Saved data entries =
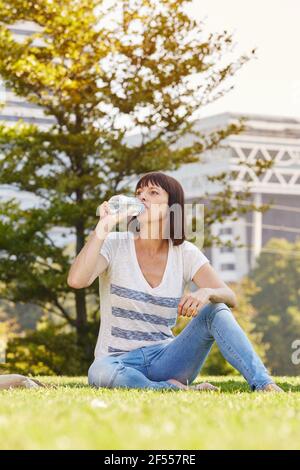 Ganzkörperportrait einer Frau, die barfuß im Wasser sitzt Gras Stockfoto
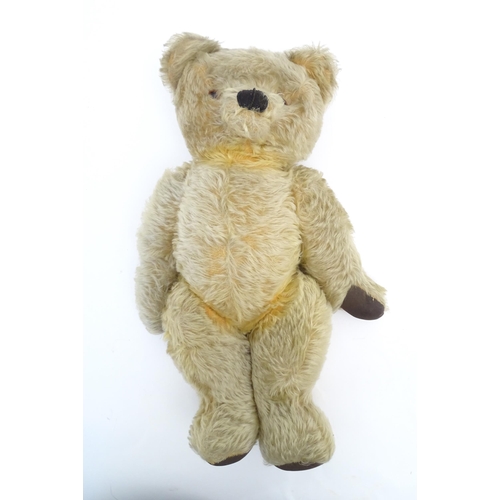 824 - A 20thC mohair teddy bear with moving mouth mechanism, stitched nose, pad paws and articulated limbs... 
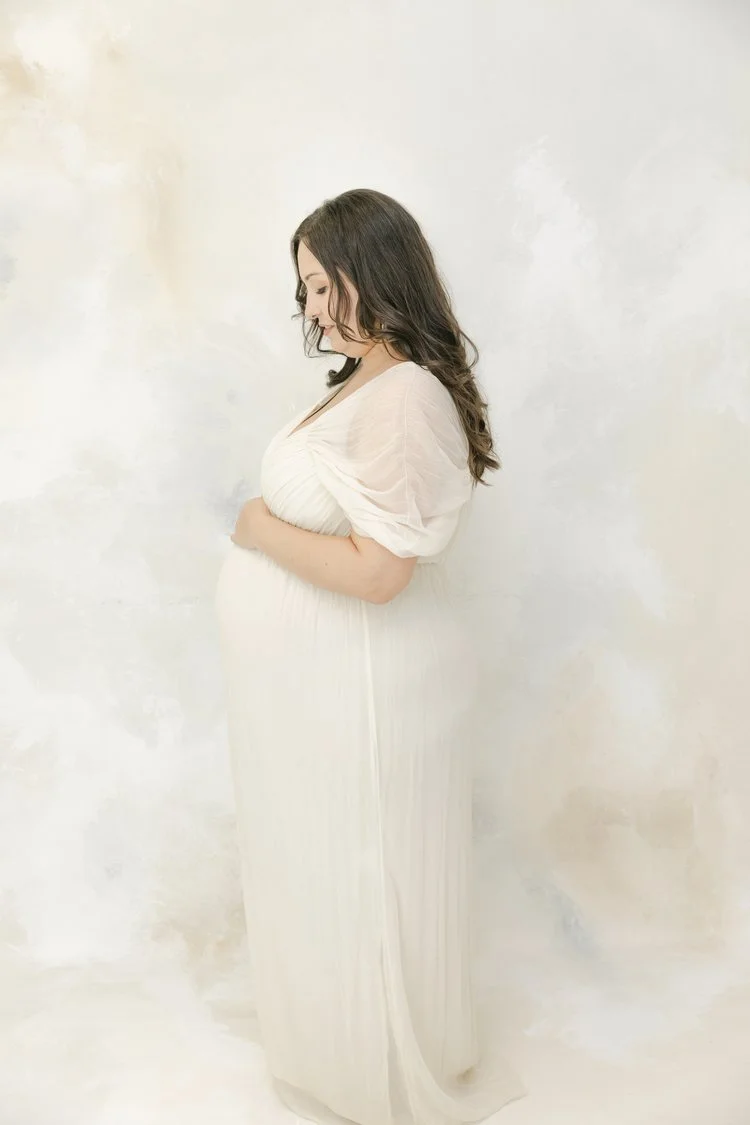 A pregnant woman with long dark hair in a white dress standing sideways against a plain wall, looking down, smiling gently.
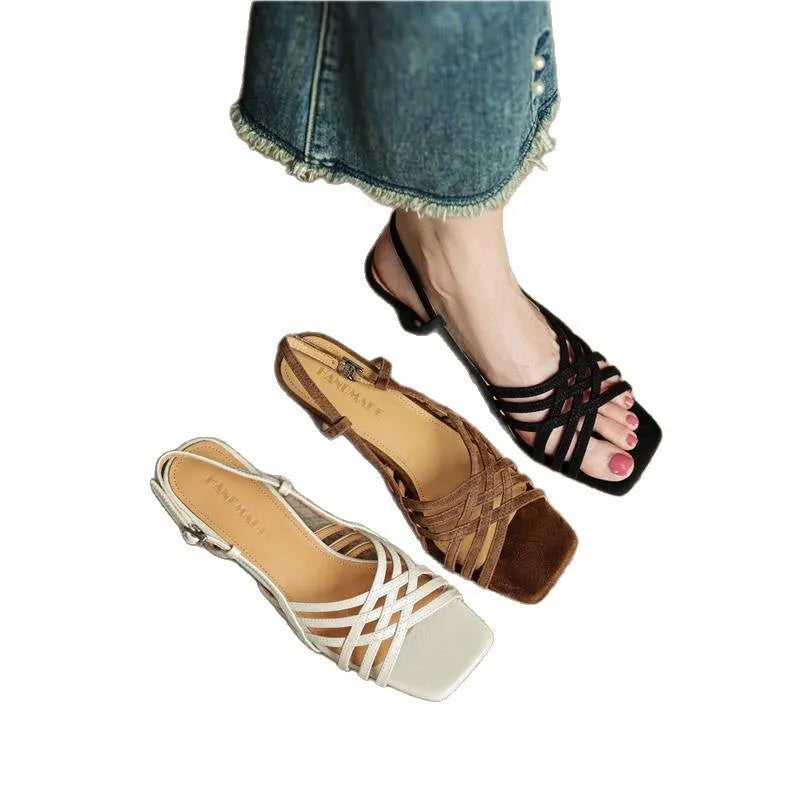 Retro-style women's sandals with thin cross straps, ankle buckle, and a mid heel.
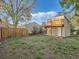 The backyard features a fence, grass, and an accessory structure with deck at 530 S Ames St, Lakewood, CO 80226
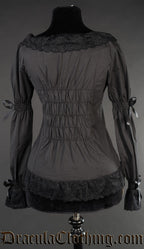 Back view of women's black blouse showing elasticated back and elastic in the sleeves for a dynamic fit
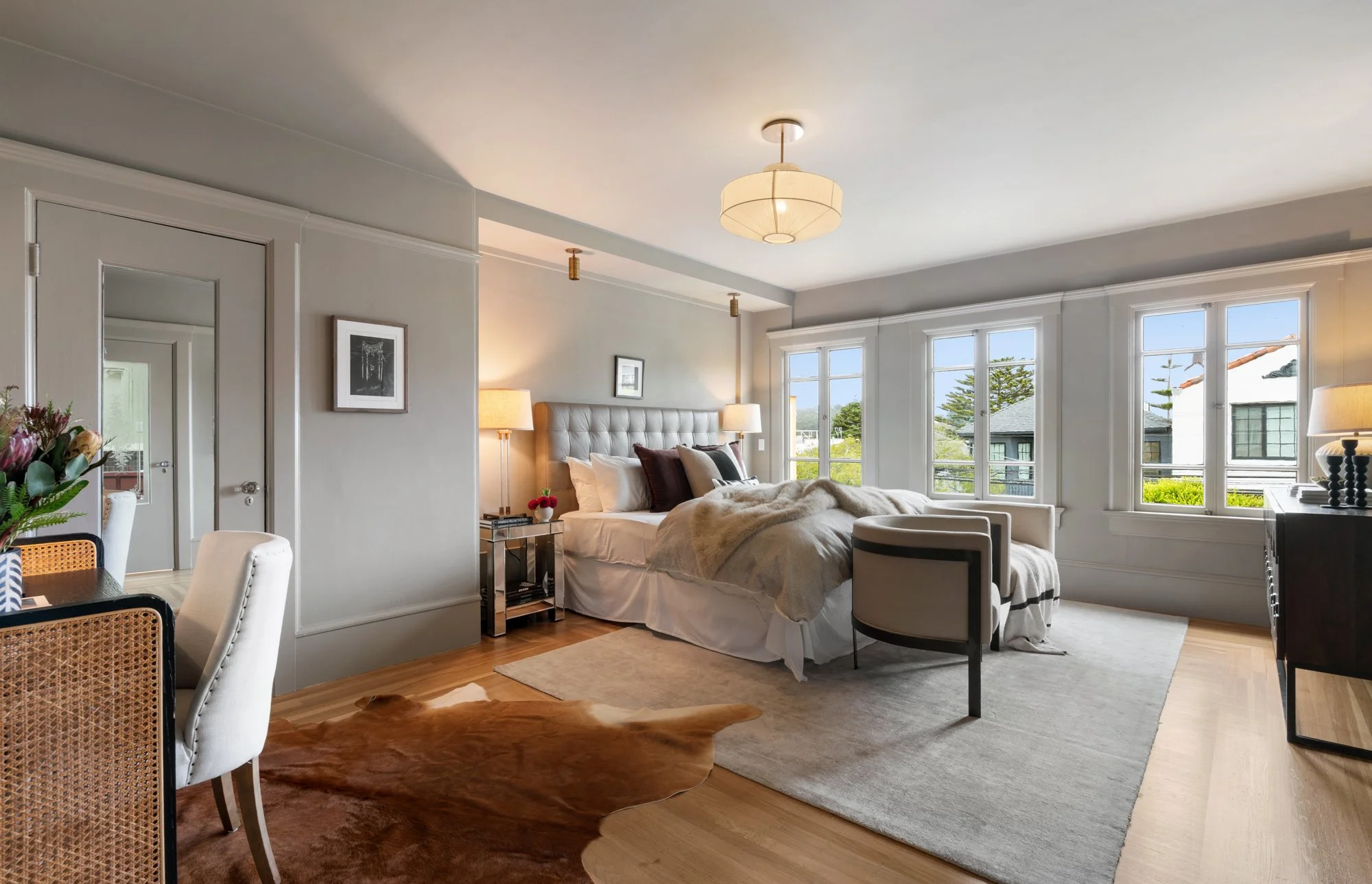 A spacious bedroom with a large bed, multiple windows, and decorative lighting, showcasing a bright and modern interior design.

Directions = Please reproduce the entries from above exactly; images are not part of the copy.

Result for this exercise =
 Ganzkörperportrait einer Frau, die barfuß im Wasser sitzt Gras Stockfoto
 824 - A 20thC mohair teddy bear with moving mouth mechanism, stitched nose, pad paws and articulated limbs... 
 A pregnant woman with long dark hair in a white dress standing sideways against a plain wall, looking down, smiling gently.
 Retro-style women's sandals with thin cross straps, ankle buckle, and a mid heel.
 The backyard features a fence, grass, and an accessory structure with deck at 530 S Ames St, Lakewood, CO 80226
 Back view of women's black blouse showing elasticated back and elastic in the sleeves for a dynamic fit
 A spacious bedroom with a large bed, multiple windows, and decorative lighting, showcasing a bright and modern interior design.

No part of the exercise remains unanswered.